We can define the following metric on $$\mathcal{M}(X)$$:

$$d^{PH}(\mu,\mu_n)=\text{max}\{d^P(\mu,\mu_n),d^H(\mu,\mu_n)\}$$ where $$d^P(\mu,\mu_n)$$ is the Prokhorov metric on $$\mathcal{M}(X)$$ and $$d^H(\mu,\mu_n)$$ is a metric between $$\mu$$ and $$\mu_n$$ defined by the Hausfdorff distance between $$\operatorname{supp}\mu$$ and $$\operatorname{supp}\mu_n$$.

Finally denote as $$d^{TV}(\mu, \mu_n)$$ the total variation metric on $$\mathcal{M}(X)$$, given by $$d^{TV}(\mu, \mu_n)= \sup_{A \in \mathcal F}|\mu_n (A) - \mu(A)|$$ where $$\mathcal F$$ is the underlying $$\sigma$$-algebra on $$X$$.

I have the following question: Is it true that the topology on $$\mathcal{M}(X)$$ generated by $$d^{TV}(\cdot)$$ is strictly finer than the topology generated by $$d^{PH}(\cdot)$$ and how could one prove this? Is the topology generated by $$d^{PH}(\cdot)$$ separable?

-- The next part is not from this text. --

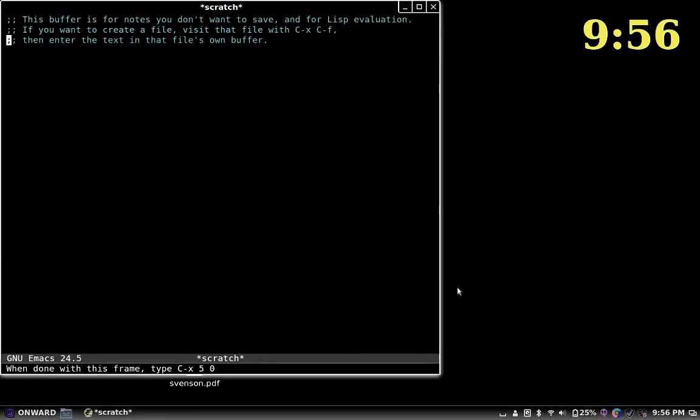Hi, Patrick here, and this is a demo of eloud, a package for eSpeak that reads text interactively. I'm going to walk you through what eloud does, and then I'm going to tell you a little bit about how to get a hold of it.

The topology generated by $$d^{PH}$$ is, in general, neither coarser nor finer than $$d^{TV}$$. The Hausdorff distance between the supports of two measures, even when combined with the Prokhorov distance, has very little to do with the total variation distance between them.
To see one direction, let $$X$$ have at least two points $$x,y$$ and let $$\mu_n = \frac{n-1}{n} \delta_x + \frac{1}{n} \delta_y$$, $$\mu = \delta_x$$. Then the support of $$\mu_n$$ is $$\{x,y\}$$ while the support of $$\mu$$ is $$\{x\}$$, so the Hausdorff distance between their supports is $$d(x,y)$$ for every $$n$$. Hence $$\mu_n$$ does not converge to $$\mu$$ in $$d^{PH}$$. On the other hand, $$d^{TV}(\mu_n, \mu) = 1/n$$ so $$\mu_n$$ does converge to $$\mu$$ in $$d^{TV}$$.
For the other direction, take $$X = [0,1]$$ and let $$\mu_n = \frac{1}{n} \sum_{k=1}^n \delta_{k/n}$$, with $$\mu$$ being Lebesgue measure. Then $$\mu_n \to \mu$$ weakly, and the Hausdorff distance between $$\{1/n, 2/n, \dots, 1\}$$ and $$[0,1]$$ is $$1/n$$. So $$\mu_n \to \mu$$ in $$d^{PH}$$. But $$\mu_n$$ is singular to $$\mu$$ for every $$n$$, so $$d^{TV}(\mu_n, \mu) = 1$$, and $$\mu_n$$ does not converge to $$\mu$$ in $$d^{TV}$$.
I think that $$d^{PH}$$ is separable. Fix a countable dense set $$\{x_1, x_2, \dots\}$$ in $$X$$ and consider the set $$M_0$$ of all probability measures $$\nu$$ of the form $$\nu = \sum_{i=1}^m q_i \delta_{x_i}$$ where the values $$q_i$$ are nonnegative rationals that sum to $$1$$. This is dense in the weak topology, and given a sequence $$\nu_n$$ in $$M_0$$ converging weakly to some $$\mu$$, you ought to be able to modify the measures $$\nu_n$$ so as to ensure that all their supports (which are finite sets) are Hausdorff close to that of $$\mu$$. I leave the details to you, if you wish to work it out.